O bispo do Funchal lembrou ainda que “esta é a noite em que Jesus passa vitorioso pela nossa vida e nos oferece a salvação”.

Foto: Duarte Gomes

O bispo do Funchal defendeu na homilia da Missa da Vigília Pascal, celebrada na noite deste sábado, 20 de abril, na Sé que é preciso assumir uma atitude de vigilância em toda a nossa vida e pelo mundo em que vivemos.

“Vigiemos: vigiemos por nós; vigiemos pelos irmãos; vigiemos pelo mundo em que vivemos. Vigiemos agora e assumamos essa atitude de vigilância em toda a nossa vida. Vigiemos e caminhemos. Vigiemos e proclamemos ao mundo a ressurreição de Cristo, que é vitória de Deus e vitória do ser humano.
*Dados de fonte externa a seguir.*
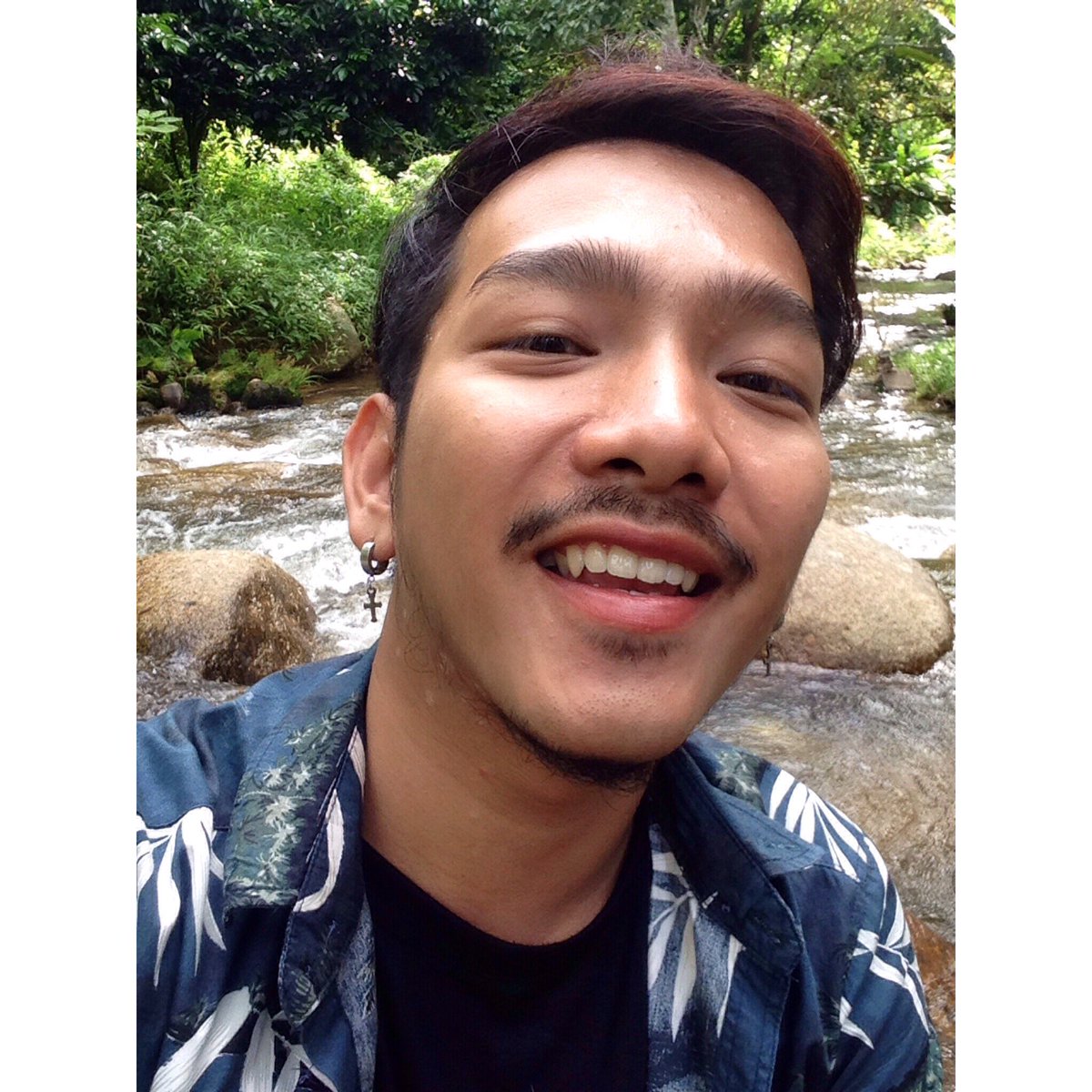 draf0809's tweet photo. ไม่มีหรอกลักยิ้ม มีแต่พุงนิ่มๆจะรักมั้ย 😝💕 #แคปชั่นอ่อย  #มุขเสี่ยว https://t.co/shzVvpYHQr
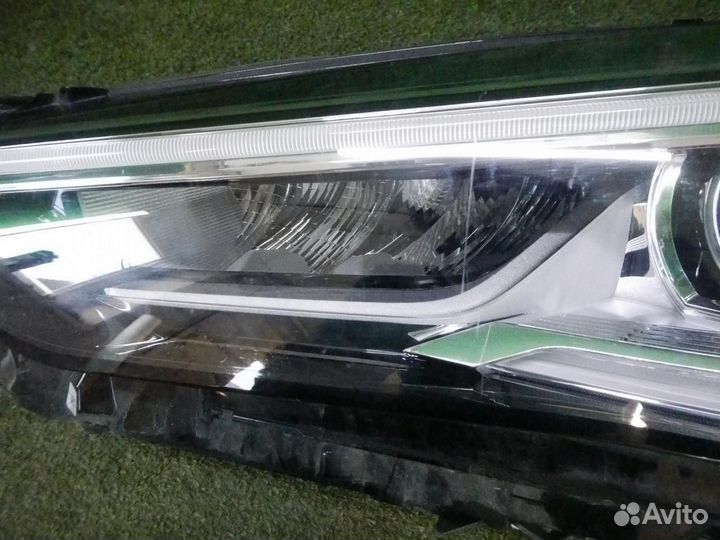Фара левая Infiniti QX50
A nossa vitória”, disse D. Nuno Brás, nesta que foi a primeira Vigília Pascal a que presidiu como bispo do Funchal.

Mas o prelado começou por sublinhar o valor desta noite ao referir que “hoje todos os sinais nos convidam a deixar que Deus passe por nós e a, com Jesus, passarmos da morte à vida”.

De resto, sublinhou D. Nuno, “quando a morte parecia ter levado a melhor, quando tudo parecia perdido e a Palavra ter sido também ela derrotada, quando o grande silêncio envolveu o mundo no dia de Sábado — foi então que o Senhor Jesus, vencendo a morte e o pecado, ressuscitou vitorioso do túmulo. E esta Boa Notícia acabou de ressoar também hoje nesta catedral: Aleluia!”

É por isso, frisou, que “esta é a noite”. A noite em que “Deus passa vitorioso pelas nossas vida, e nos oferece a salvação”, a noite em que “Cristo ressuscita vitorioso do túmulo e nos oferece a vida”, a noite em que “a morte foi vencida, e a nós, que no batismo fomos sepultados com Cristo, foi-nos dada a graça de com Ele ressurgirmos e vivermos para sempre”.

Mas esta é também a noite em que se conhece o plano de Deus: “Agora conhecemos o plano de Deus; conhecemos a Sua obra-prima: Jesus ressuscitado, Homem novo que dá origem a um novo modo de viver, a uma humanidade nova, renascida a partir das águas do batismo”, transmitiu D. Nuno Brás.

Neste contexto, frisou o bispo diocesano, quem poderia “deixar-se dormir, sabendo que a morte foi para sempre derrotada? Esta é a noite que brilha como o dia porque para todos foi escancarado o horizonte da vida eterna — e, em dia como este, não podemos dormir, não podemos descansar”.

De referir que, no decorrer desta celebração, composta por quatro partes distintas, nomeadamente o Lucernário, a Liturgia da Palavra, a Liturgia Batismal e Liturgia Eucarística, dois jovens catecúmenos – a Inês Alves e o Bruno Pereira – receberam os sacramentos da iniciação cristã. Logo depois, toda a assembleia foi convidada a renovar as suas promessas batismais, com D. Nuno Brás a aspergir depois os fiéis com água benta.